When you copy the listing, skip the images and return each line verbatim.
SUPPLIED INFORMATION Block Start
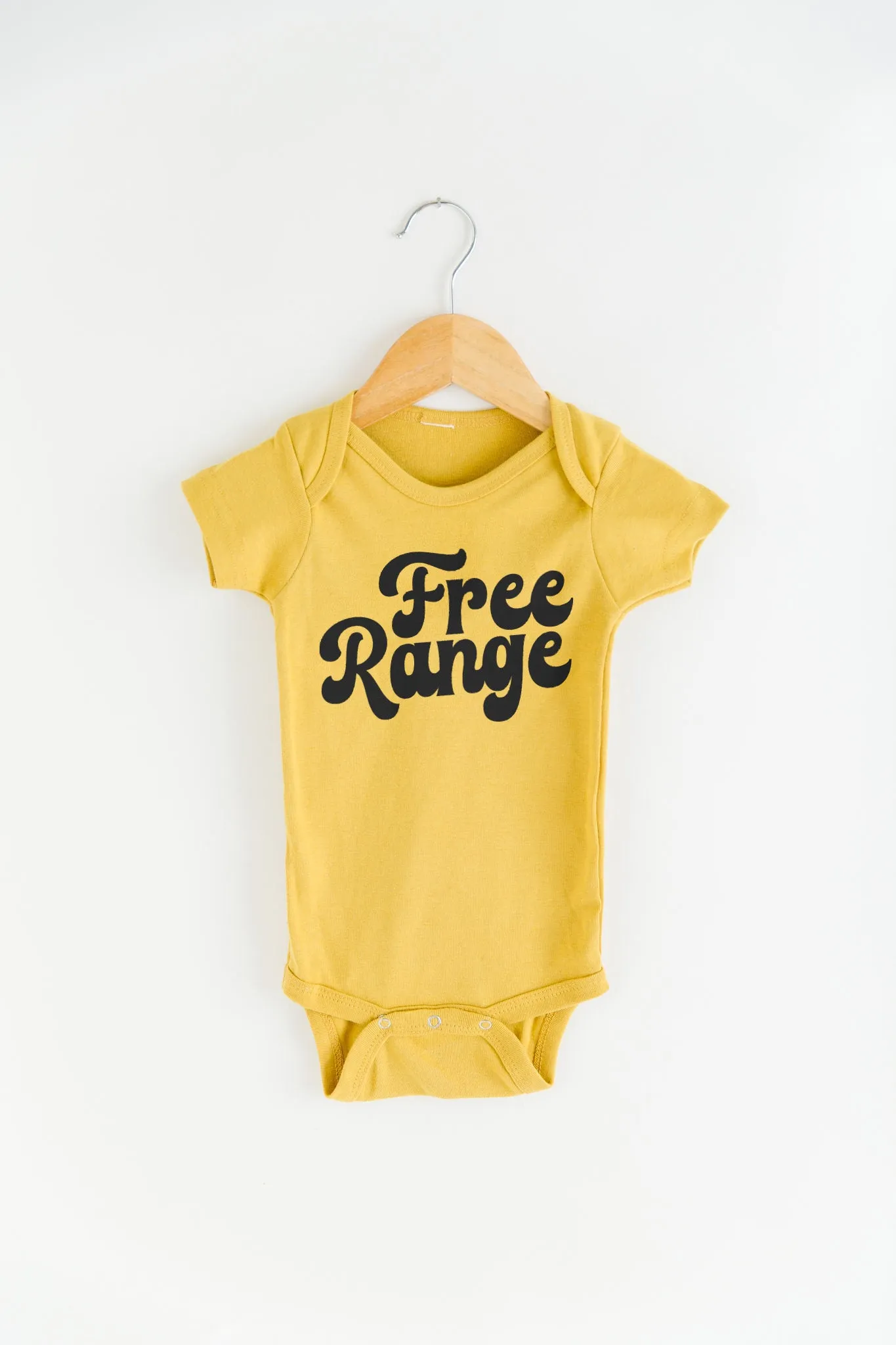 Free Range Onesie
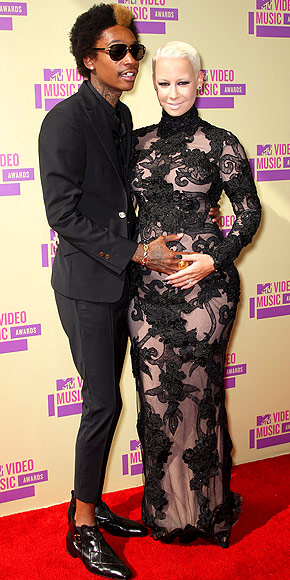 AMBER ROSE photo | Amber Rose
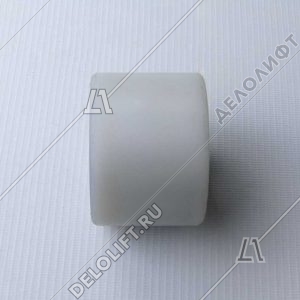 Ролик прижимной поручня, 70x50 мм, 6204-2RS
SUPPLIED INFORMATION Block End
ANSWER —
 Free Range Onesie
 AMBER ROSE photo | Amber Rose
 Ролик прижимной поручня, 70x50 мм, 6204-2RS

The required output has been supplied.